As a side-note, only tangentially related, the dream would really have been if also the UI frameworks such as SwiftUI, would have supported a different model with e.g. a concurrency domain per Window in the application (or chosen by the developer), rather than the serialised sledgehammer that @MainActor annotation is. I'm probably missing something, but I don't see why so much of the UI layers needs to be serialised at all. Ok, sorry, different soap box.
If you continue reading on in the next section titled Default concurrency rules for executable and library modules the vision document contains the following:
We feel that this amounts to a compelling argument that executable targets should default to inferring main actor isolation.

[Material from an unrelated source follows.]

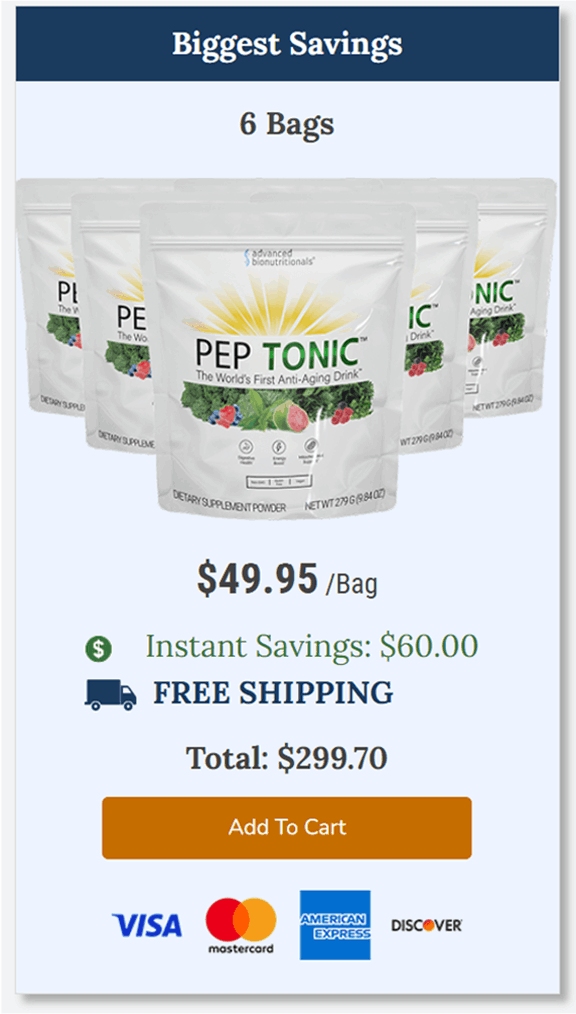 Pep Tonic Buy Now 6Bags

That's where my concerns are primarily coming from. I don't disagree with inferring @MainActor by default for UI applications but in my opinion this can't be generalised to any executable target.
Thank you for putting this together. It seems well thought of to me. I'm glad those issues are addressed. I think progressive disclosure for this is a pain point and can be improved.
I'm highly in favour of isolation inheritance being the default.
I'm in favour of a single-threaded build option.
I think module is a good scope. I don't think a file-level option would make that much of a difference for readability, because isolation can already be implicit.
Maybe instead of being implicit for executables, it could be set by default by tools when creating a package/target. I think it’s a good default for all executables, but it would help discoverability, especially when starting to split an executable into several modules.
For information: my experience is with one big iPad App, a couple of scripts, and a toy-project server.